苦渋に満ちあふれた。

hellbeyond2007-02-16

 昨日は途中まで観ていた『エド・ウッド』を最後まで観た。


 …ずるいよ、これ。
 自主だろうが商業作品だろうが、少しでも映画製作に関わった人間であれば、本作品に心を「動かされない」ことは難しいだろう。駆け出し写真家にとっての『I LOVE ペッカー』みたいなモン。本作のジョニー・デップが素晴らしいのは、女装が滑稽にも似合うからではなく、エドの面影を確かに感じさせたからでもなく、エド・ウッドが狂乱の中にも自分の無能さに「薄々気付く」瞬間を確かに見せたからだ。

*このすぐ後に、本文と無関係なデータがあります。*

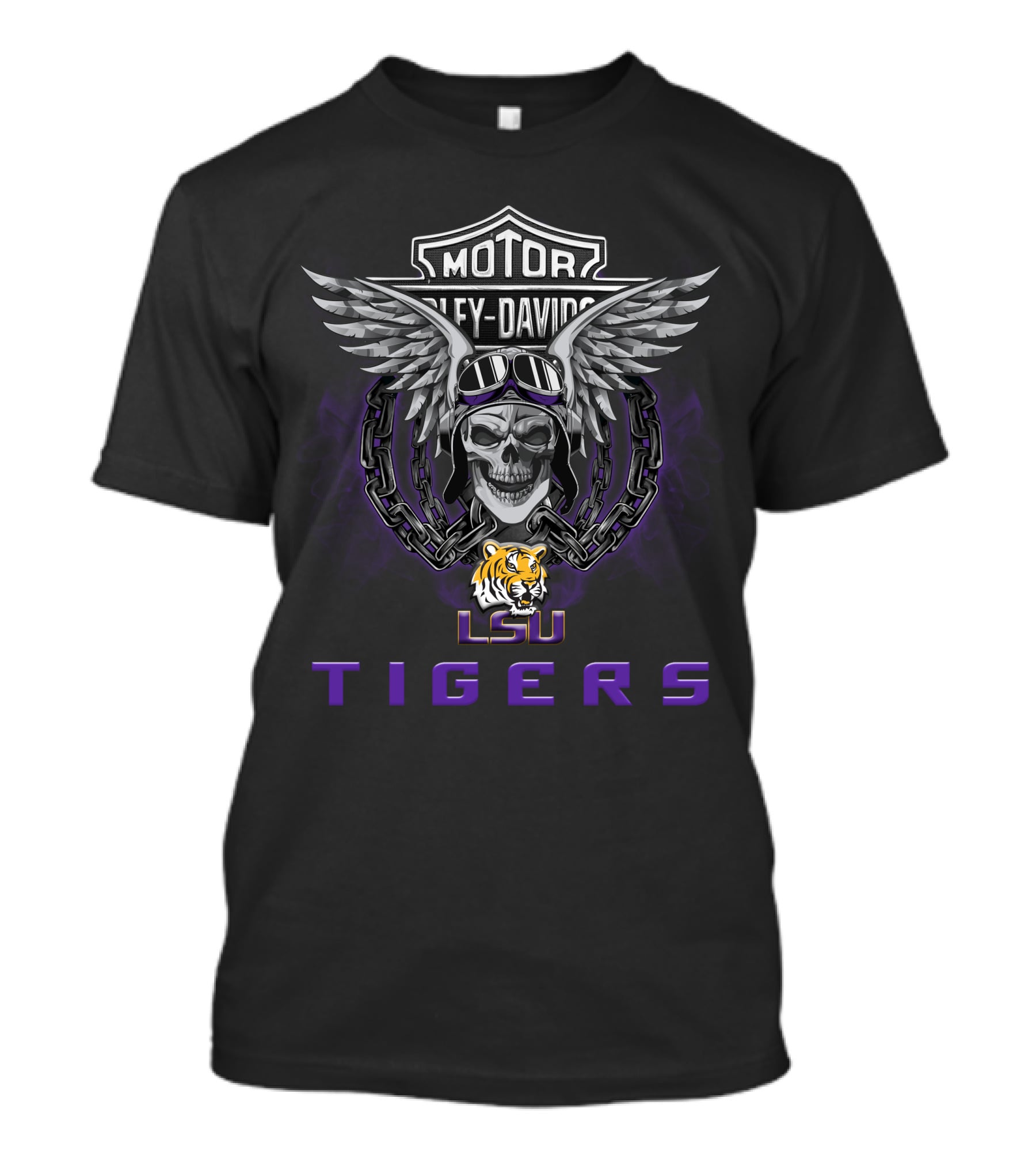 Lsu Tigers Harley Davidson Skull Wings Ncaa Football Fans T-Shirt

エドがただの狂人ではないからこそ、本作が多くの人の心に残ったのだと思う。
 誰しも「あ…イマ自分のしてる仕事(作ってる作品、下した決断…)、駄目かも」って思う瞬間、あるだろう。でも集団が凄い勢いでケツに向かって動いている中、その勢いを止める訳にはいかないのだ。エド・ウッドだろうがジェームス・キャメロンだろうが映画監督は常に現場の最高権力者であるが、その監督にさえ許されないのだ、「現場を止める」ことは。それをしなかったという点においてエド・ウッドは映画監督たりえていたといえるだろう(資金繰りがつかなくなってやむなく中断、は何回かあるけど)。

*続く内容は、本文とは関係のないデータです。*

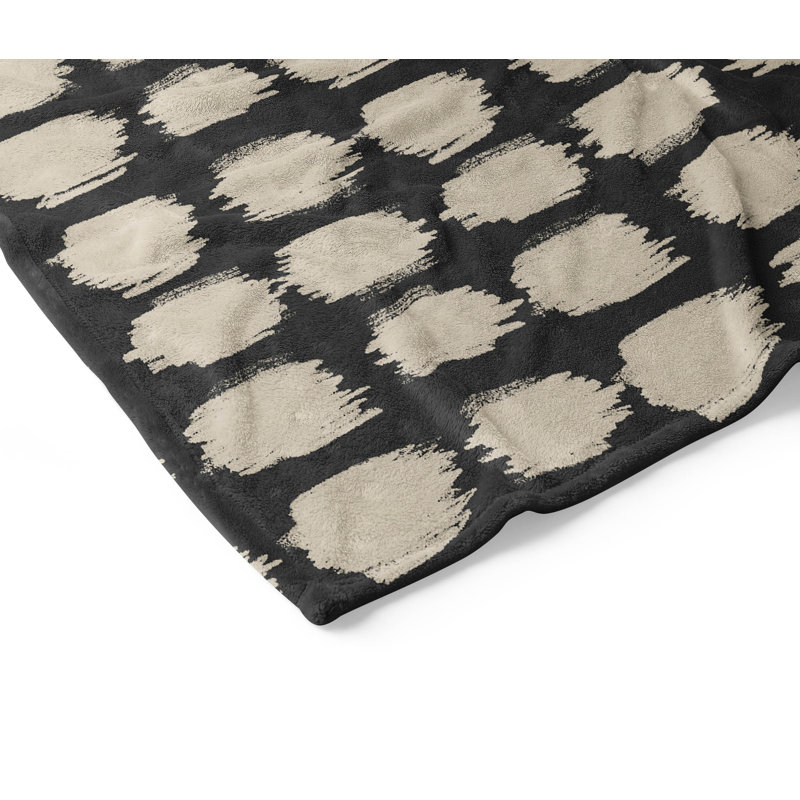 Jeté en molleton à pois Sp velveteen, Gris anthracite, L 60 po x l 50 po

 鑑賞後、港北ニュータウン方向へ買い出し。久々の自転車行。病後だが、体力は余り落ちていないようだ。良かった。
 しかしこの街は多摩ニュータウン以上に無機質だな。何となく初期のクローネンバーグ作品っぽい。ガラス張りの巨大な商業ビルがずーっと続いて、その中に何故かポツポツとビデオ屋がある。

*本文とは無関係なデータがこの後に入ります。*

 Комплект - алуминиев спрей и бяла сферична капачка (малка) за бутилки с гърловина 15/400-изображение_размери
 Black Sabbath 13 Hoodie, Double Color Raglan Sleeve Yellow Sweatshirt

 パゾリーニ作品数本、石井輝男の『温泉あんま芸者』、豊田監督の(私は余り好きではない)『ポルノスター』、『去年マリエンバードで』『プレデターソルジャー』など購入。オークションに出した。自分的には劣悪な画質、読めない字幕(読めない字幕を見たことがある人ってどのくらい居るだろう?本当にある。字が汚くて読めない字幕)で一部にファンの多い「ユニバーサルビジョン」が出した『楽園からの脱出』が気になる。熱帯の実験農場主、ジョン博士が何故かカップルの男を殺して女だけ浚い、プランテーションで強制労働させている。解説文の最後には「しかし、女だけの力で、残虐な現場監督に立ち向えるのか」だって。残虐な現場監督って何か画が思い浮かばない。あとジャケットには何故か血まみれの腹出し女が倒れてる回りに猫ちゃんがうろついてるって謎のスチルが。
 惹句は「シュガーよ 偽りの平穏を破壊し尽せ。」
    「快楽地帯は瞬時にして、苦渋に満ちあふれた。」
 …久しぶりにこんなに気になる映画を見つけた。